US News

RAIDERS BUST FOREIGN PERVS ‘LOST’ BY FEDS

More than 50 foreign nationals who escaped deportation after committing horrific child sex crimes were captured yesterday in a series of dawn raids in the New York area.

But another 16 sex predators who committed crimes locally are still on the loose, despite a renewed drive by the feds to catch and deport convicted criminals who fell through gaping security holes under the now-disbanded Immigration and Naturalization Service.

Among the 56 people busted in New York and New Jersey were a citizen of Ecuador who sexually assaulted a 2-year- old child and a Salvadoran who abused his 10-year-old daughter for two years.

Others had been convicted of sodomy, distribution of child pornography and endangering the welfare of a child – but never deported.

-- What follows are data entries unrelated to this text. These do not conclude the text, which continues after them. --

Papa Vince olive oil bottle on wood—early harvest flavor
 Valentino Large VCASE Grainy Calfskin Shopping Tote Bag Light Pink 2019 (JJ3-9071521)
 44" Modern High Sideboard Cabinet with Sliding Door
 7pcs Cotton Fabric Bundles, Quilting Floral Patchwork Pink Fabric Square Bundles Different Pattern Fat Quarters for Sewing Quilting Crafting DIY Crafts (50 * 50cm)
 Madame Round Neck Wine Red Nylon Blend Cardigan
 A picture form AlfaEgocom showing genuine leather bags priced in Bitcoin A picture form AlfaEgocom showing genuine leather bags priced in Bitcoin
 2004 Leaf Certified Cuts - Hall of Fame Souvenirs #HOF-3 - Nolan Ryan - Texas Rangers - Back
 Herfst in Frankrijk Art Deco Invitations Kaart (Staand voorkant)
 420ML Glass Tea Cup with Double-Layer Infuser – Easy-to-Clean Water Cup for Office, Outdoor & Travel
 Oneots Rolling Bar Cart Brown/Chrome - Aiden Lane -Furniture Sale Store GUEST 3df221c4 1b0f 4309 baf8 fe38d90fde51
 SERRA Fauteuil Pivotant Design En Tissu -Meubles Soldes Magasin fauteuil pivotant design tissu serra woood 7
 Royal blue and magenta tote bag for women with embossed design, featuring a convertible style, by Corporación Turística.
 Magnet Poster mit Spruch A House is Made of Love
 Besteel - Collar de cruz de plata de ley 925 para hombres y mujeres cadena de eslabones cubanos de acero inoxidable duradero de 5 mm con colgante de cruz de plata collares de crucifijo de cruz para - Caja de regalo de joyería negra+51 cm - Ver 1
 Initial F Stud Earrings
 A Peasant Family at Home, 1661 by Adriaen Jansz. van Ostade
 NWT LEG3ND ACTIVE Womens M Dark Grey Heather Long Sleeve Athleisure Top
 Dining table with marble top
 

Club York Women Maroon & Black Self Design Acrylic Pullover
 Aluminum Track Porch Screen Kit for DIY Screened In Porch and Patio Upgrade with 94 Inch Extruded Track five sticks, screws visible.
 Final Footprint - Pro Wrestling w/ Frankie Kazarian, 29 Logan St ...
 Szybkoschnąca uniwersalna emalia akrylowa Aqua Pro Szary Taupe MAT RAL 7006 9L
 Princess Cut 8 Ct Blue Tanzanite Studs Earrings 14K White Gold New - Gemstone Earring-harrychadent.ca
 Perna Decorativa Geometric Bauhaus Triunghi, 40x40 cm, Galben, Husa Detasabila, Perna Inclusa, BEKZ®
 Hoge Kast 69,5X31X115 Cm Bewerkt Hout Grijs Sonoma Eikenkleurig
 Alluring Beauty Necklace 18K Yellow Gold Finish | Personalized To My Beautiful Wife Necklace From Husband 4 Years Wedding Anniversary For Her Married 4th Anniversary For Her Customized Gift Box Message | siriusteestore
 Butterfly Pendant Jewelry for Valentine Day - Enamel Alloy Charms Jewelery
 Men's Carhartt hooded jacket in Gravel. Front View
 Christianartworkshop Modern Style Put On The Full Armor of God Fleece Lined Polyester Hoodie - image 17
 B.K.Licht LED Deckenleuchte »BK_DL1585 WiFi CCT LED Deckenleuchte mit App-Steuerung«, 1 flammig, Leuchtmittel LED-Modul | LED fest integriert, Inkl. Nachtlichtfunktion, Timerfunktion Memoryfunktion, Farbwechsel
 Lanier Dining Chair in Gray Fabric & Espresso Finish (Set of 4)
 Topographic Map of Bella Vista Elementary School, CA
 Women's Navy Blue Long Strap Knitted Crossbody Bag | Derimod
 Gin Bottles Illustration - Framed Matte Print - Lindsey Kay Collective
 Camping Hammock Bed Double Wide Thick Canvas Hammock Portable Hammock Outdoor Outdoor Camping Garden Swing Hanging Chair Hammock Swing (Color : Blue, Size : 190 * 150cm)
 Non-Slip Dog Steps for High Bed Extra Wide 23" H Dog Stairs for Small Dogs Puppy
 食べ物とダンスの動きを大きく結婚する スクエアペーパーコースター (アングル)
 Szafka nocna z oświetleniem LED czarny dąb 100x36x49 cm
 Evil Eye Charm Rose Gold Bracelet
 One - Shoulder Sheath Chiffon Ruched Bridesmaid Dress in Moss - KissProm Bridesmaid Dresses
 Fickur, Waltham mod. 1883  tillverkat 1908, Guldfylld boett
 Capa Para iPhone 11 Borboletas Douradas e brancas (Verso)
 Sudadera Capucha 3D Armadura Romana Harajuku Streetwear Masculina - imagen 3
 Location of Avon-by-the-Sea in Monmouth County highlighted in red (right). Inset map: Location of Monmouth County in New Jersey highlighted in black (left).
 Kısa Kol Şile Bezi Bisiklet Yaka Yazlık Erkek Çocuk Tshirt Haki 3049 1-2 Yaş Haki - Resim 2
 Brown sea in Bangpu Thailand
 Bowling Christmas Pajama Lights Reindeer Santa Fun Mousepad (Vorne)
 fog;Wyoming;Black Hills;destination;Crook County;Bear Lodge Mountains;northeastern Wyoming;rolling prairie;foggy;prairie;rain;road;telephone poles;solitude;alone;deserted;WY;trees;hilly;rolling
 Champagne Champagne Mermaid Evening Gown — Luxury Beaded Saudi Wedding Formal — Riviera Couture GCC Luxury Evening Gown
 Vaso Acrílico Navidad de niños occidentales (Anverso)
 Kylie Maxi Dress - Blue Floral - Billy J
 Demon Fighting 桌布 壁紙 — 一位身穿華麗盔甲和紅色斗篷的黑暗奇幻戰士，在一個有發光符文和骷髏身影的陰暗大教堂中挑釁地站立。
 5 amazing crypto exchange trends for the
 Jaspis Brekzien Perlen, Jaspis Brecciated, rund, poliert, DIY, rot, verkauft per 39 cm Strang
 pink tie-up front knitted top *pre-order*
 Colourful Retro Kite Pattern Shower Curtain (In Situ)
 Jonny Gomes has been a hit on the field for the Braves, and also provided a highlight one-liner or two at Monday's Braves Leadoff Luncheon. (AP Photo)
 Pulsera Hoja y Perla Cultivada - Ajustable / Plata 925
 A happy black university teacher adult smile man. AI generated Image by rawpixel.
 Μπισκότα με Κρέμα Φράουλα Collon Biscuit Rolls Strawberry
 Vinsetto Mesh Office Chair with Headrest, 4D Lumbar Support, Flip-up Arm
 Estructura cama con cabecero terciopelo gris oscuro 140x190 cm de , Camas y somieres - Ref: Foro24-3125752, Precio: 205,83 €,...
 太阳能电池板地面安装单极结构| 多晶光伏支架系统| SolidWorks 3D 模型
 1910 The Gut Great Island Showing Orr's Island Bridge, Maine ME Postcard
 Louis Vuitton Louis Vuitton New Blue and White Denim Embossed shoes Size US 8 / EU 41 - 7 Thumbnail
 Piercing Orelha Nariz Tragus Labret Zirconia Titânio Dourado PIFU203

Asa Hutchison, undersecretary of the Department of Homeland Security, admitted many sex predators had “escaped through the system.”

A Salvadoran captured in New York yesterday sexually abused a 6-year-old boy in 1998 but disappeared before the INS tried to deport him after he served a six-month sentence.

In another case, a Trinidadian who raped his 7-year-old niece and threatened her with a machete in 1988 was sentenced to six years in prison, but couldn’t be deported at the time due to softer laws.

“These are dangerous criminals,” Hutchison said. “These people have been taken off the streets of America and American streets are safer because of it.”

U.S. Immigration and Customs Enforcement acting assistant secretary Michael Garcia described sex predators as the “worst of the worst” – but he admitted that, until recently, immigration officers’ computer systems weren’t connected to all prisons.

This resulted in some prisoners who should have been deported being released before the INS made contact.

Garcia said 1,300 convicted sex predators who escaped deportation had been captured across the United States since a new initiative, Operation Predator, began in July.

“Never have so many child predators been taken off America’s streets in such a short period of time,” he said.

He said his reconfigured office, which replaces the INS, has 5,500 federal agents at its disposal.

“We now have powerful tools that can be used to protect children – the point is to use them,” Garcia said.

He said recent Supreme Court rulings had made it easier for the government to make sure foreigners convicted of sex crimes were held in jail until deportation.